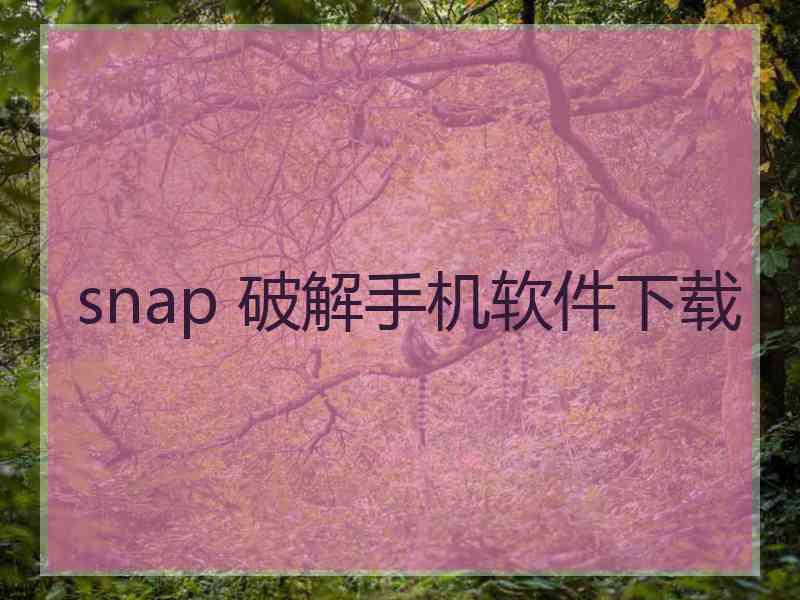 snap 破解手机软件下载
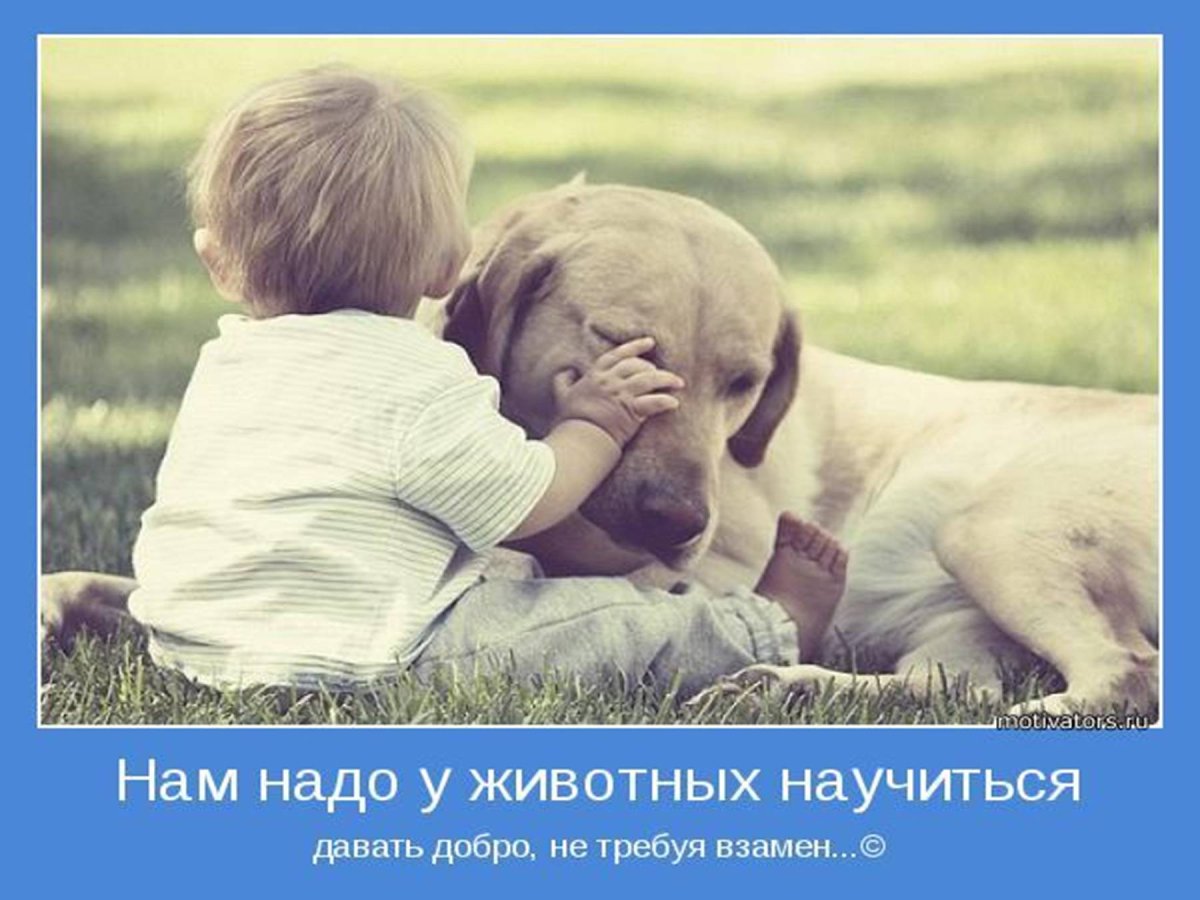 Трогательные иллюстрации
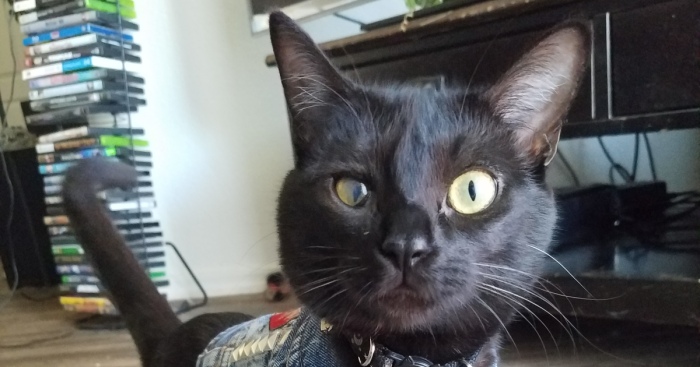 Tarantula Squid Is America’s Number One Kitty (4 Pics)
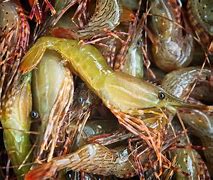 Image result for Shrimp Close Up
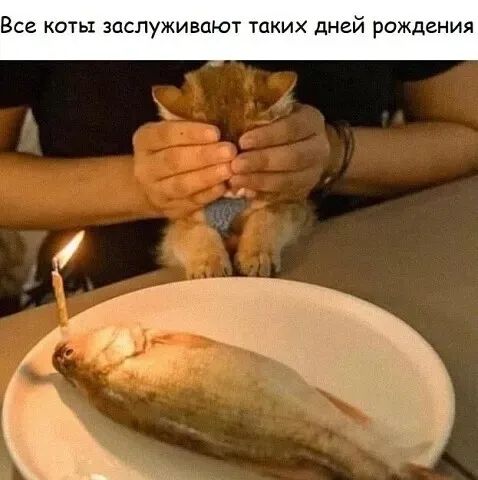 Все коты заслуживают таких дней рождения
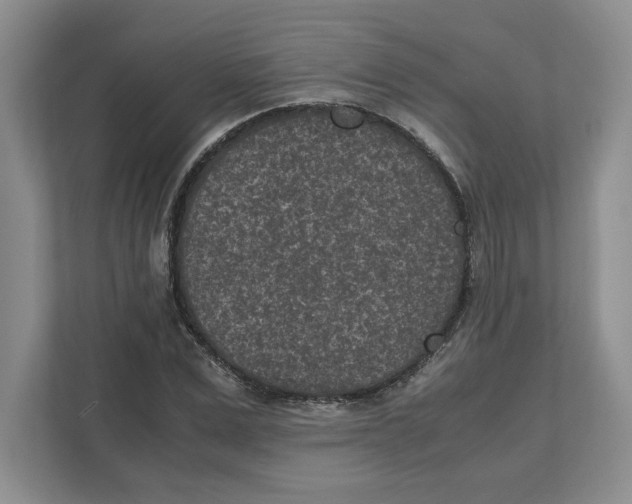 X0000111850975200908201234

--

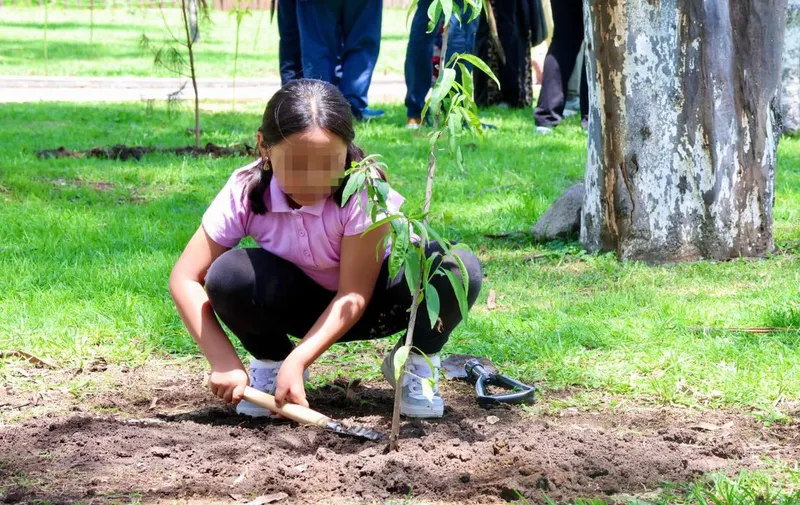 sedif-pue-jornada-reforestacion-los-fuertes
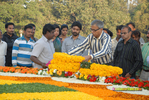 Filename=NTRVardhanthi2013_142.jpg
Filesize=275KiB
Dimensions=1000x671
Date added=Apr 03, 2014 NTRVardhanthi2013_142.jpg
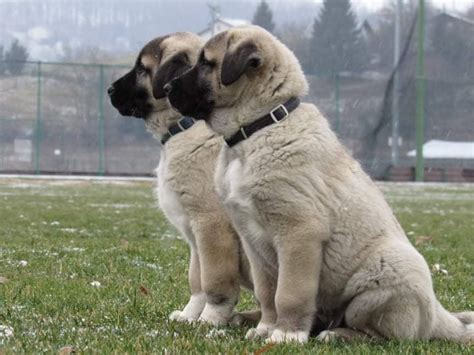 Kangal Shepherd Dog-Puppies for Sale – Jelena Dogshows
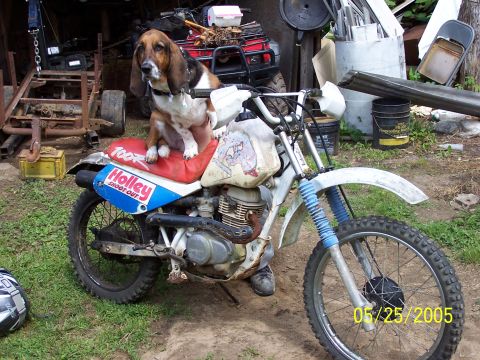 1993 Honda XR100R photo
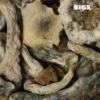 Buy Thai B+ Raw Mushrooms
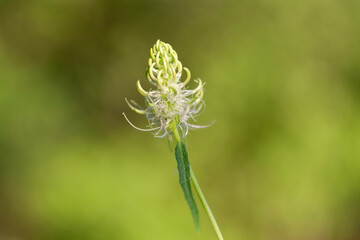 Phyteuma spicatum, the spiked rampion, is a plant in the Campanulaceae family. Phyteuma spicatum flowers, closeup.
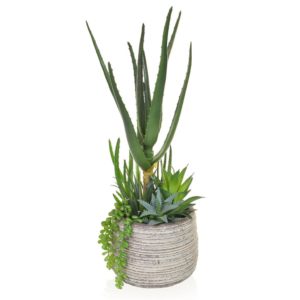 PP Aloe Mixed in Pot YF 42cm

==

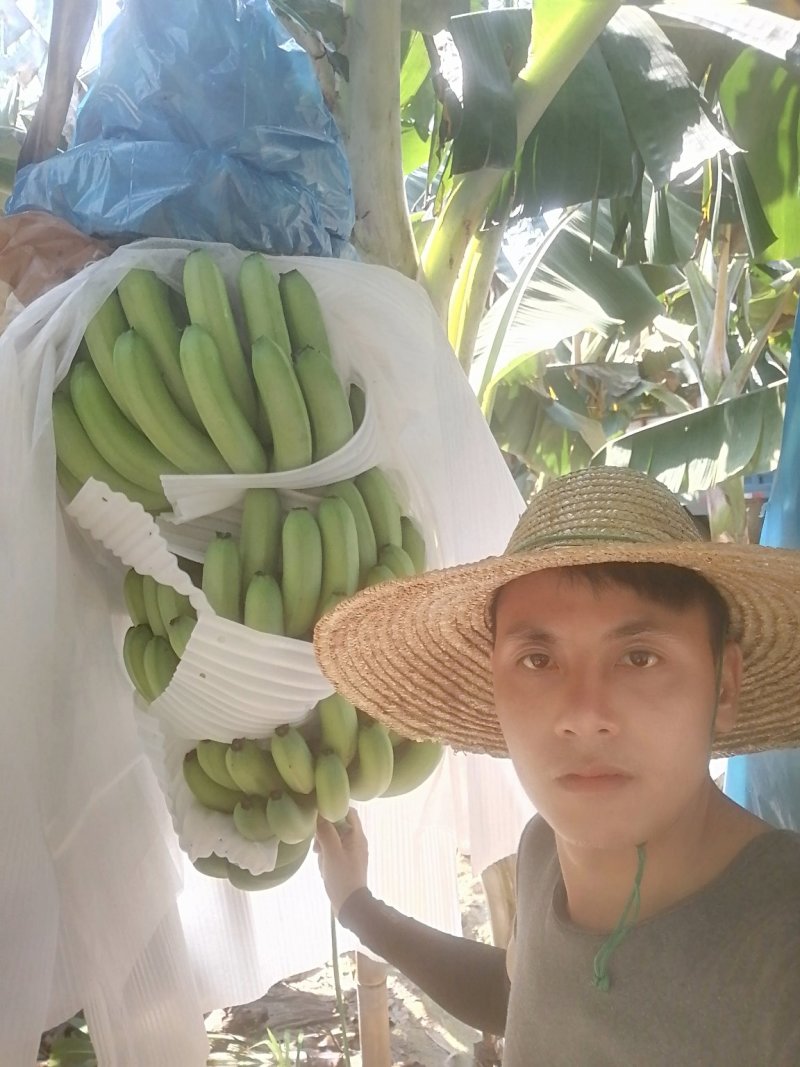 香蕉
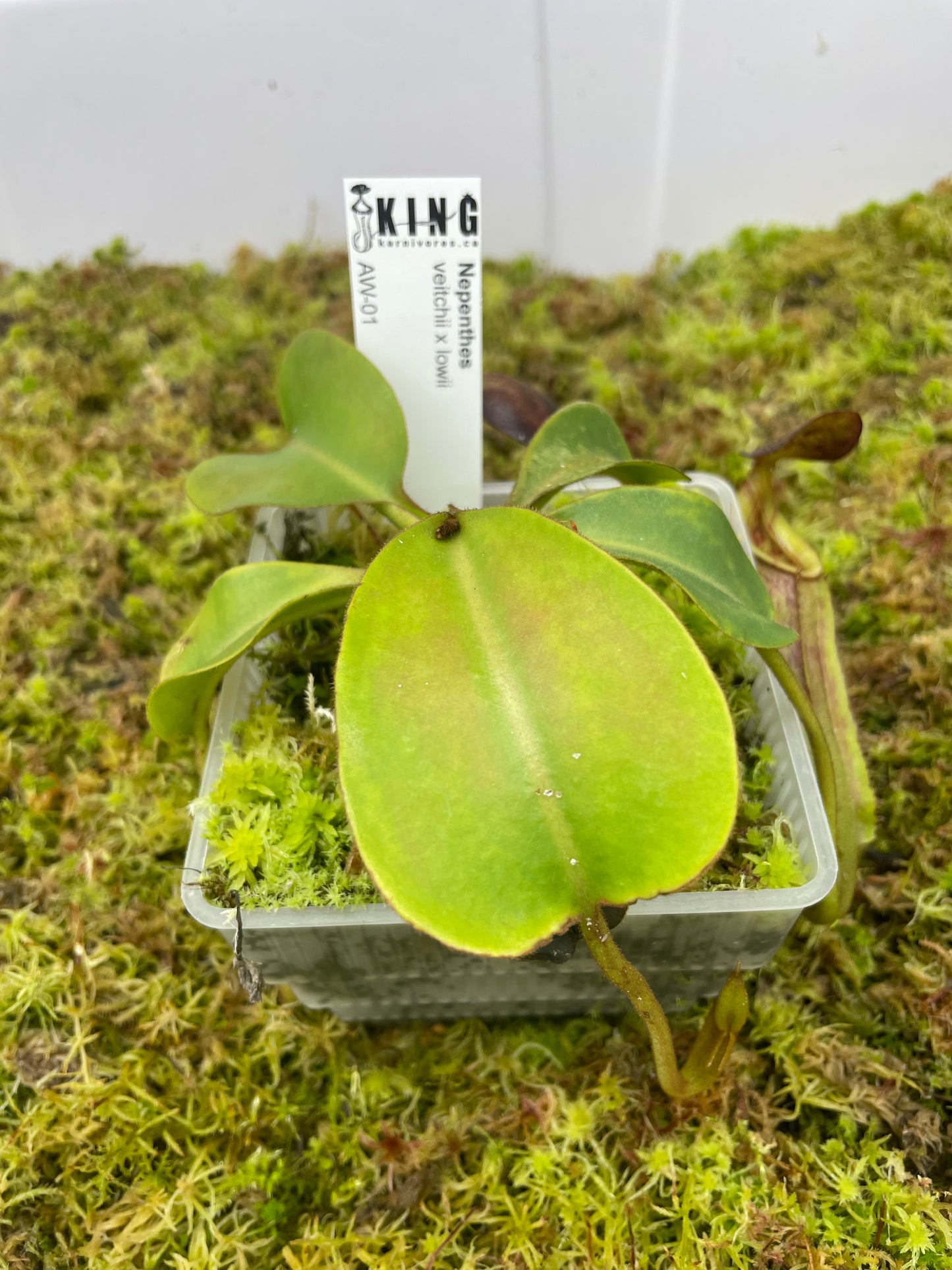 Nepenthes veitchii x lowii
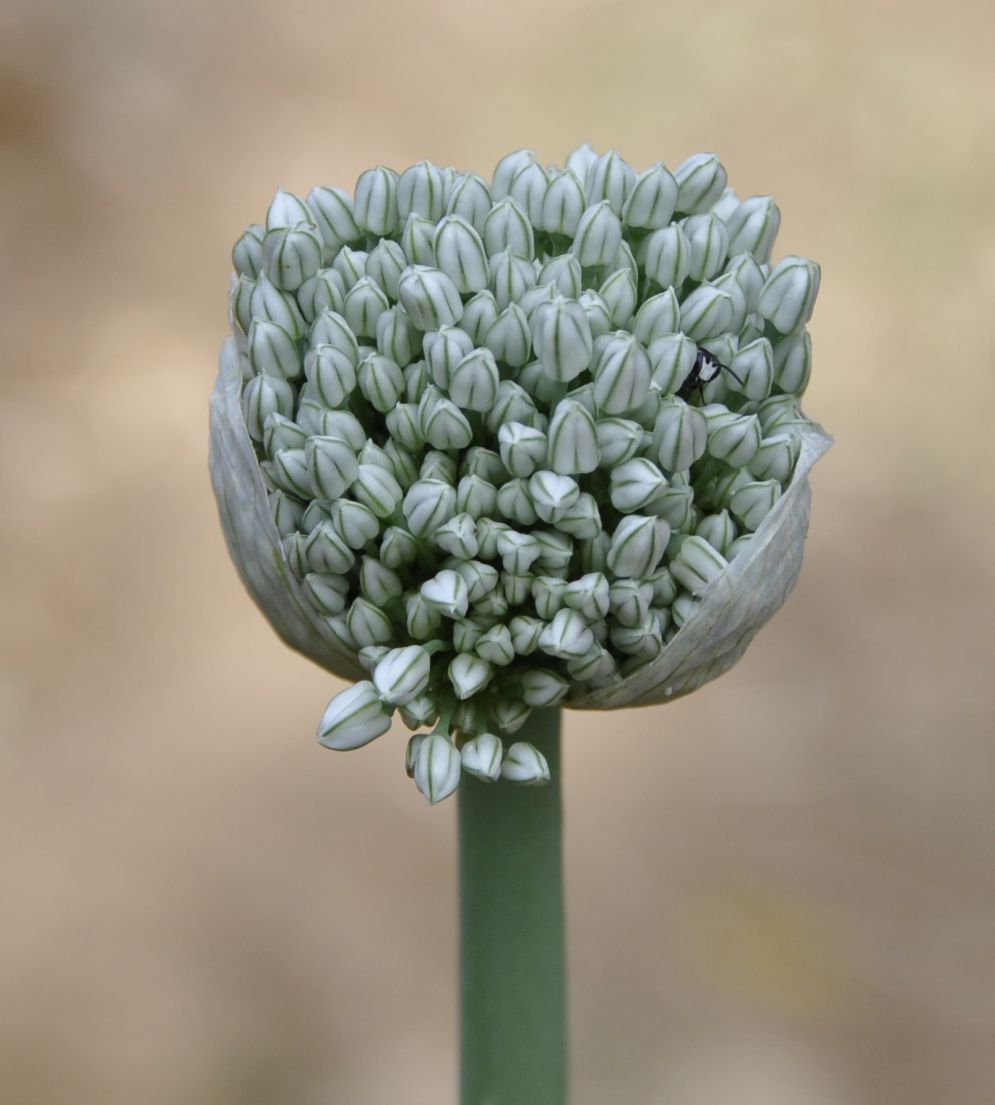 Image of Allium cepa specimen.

• Work to be completed: Going by the data above, the answer is exactly the lines from the one holding "Tarantula Squid Is" to the one holding "X0000111850975200908201234", both kept, with the pictures left out.

• Solution:
 Tarantula Squid Is America’s Number One Kitty (4 Pics)
 Image result for Shrimp Close Up
 Все коты заслуживают таких дней рождения
 X0000111850975200908201234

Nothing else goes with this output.